Pubdate: Fri, 1 Aug 2008
Source: Press, The (New Zealand)
Copyright: 2008 The Christchurch Press Company Ltd.
Contact:  http://www.press.co.nz/
Details: http://www.mapinc.org/media/349
Author: Kerry Williamson
Bookmark: http://www.mapinc.org/topic/BZP

DRUG BAN WILL FUEL GANG BLACK MARKET - WARNING

The banning of BZP party pills was "a sham" based on unreliable
research and will feed a black market headed by drug-running gangs, a
criminal law professor says.

In an article in the New Zealand Law Journal - titled The Great BZP
Hoax - Otago University professor Kevin Dawkins accuses the Government
of rushing through legislation to ban BZP, ignoring regulatory
measures that could have curbed rampant use of the drug.

He calls the Misuse of Drugs (Classification of BZP) Amendment Act,
passed on April 1, "legislative folly" and writes that the BZP ban
will push the drug underground and expose users to other drugs such as
P and ecstasy.

"Since prohibition cannot repeal the law of supply and demand, those
who prefer to continue using BZP will be forced into the black market
and the arms of the gangs," he says.

Associate Health Minister Jim Anderton - who dismissed Professor
Dawkins' article as "careless" - pushed through the BZP ban after a
recommendation from an expert advisory committee on drugs.
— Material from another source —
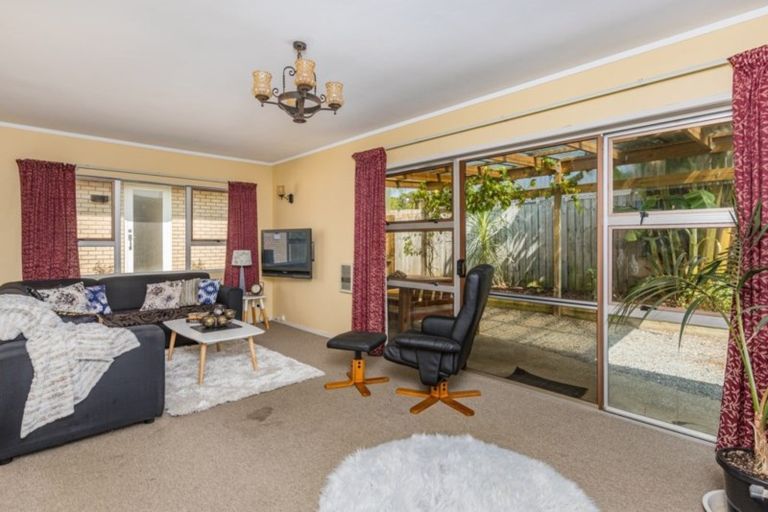 Photo of property in 27 Cobham Road, Kerikeri, 0230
The
research showed the pills caused migraines, hallucinations, vomiting,
confusion, seizures and insomnia.

The ban came after regulatory measures were considered, including
restrictions on dosages, labelling, points of sale, and
advertising.

Professor Dawkins said those regulations were simply "a stalking
horse" for prohibition.

"Not to have implemented the regulatory regime for BZP is a gross
deception in itself," he writes in the Law Journal. "But to have
jettisoned regulation in favour of prohibition aggravates the hoax."

He attacks the research used to support the ban, saying it was based
on "unpublished, unreplicated and unreliable research, potentially
compromised by conflicts of interest".

Mr Anderton said the BZP ban was implemented after "carefully weighing
all the evidence I could".

He said Professsor Dawkins had a "long record" of advocating drug law
liberalisation.

"The evidence told me very clearly that the drug had enough potential
to cause harm that it could be banned," he said.

Mr Anderton said there was little evidence that banning BZP had turned
users toward harder drugs.

Drug Foundation executive director Ross Bell said he had questions
about "the quality of some of the research" used to support a ban but
that Mr Anderton "played a pretty straight bat" over party pills.

"I think [Professor Dawkins] is trying to find a conspiracy where
there isn't one. I agree with him that there were a number of
regulations put in place and they weren't enforced, and I think that's
a real shame. But I disagree with his conclusion that there was a
direct attempt by the minister to get his way."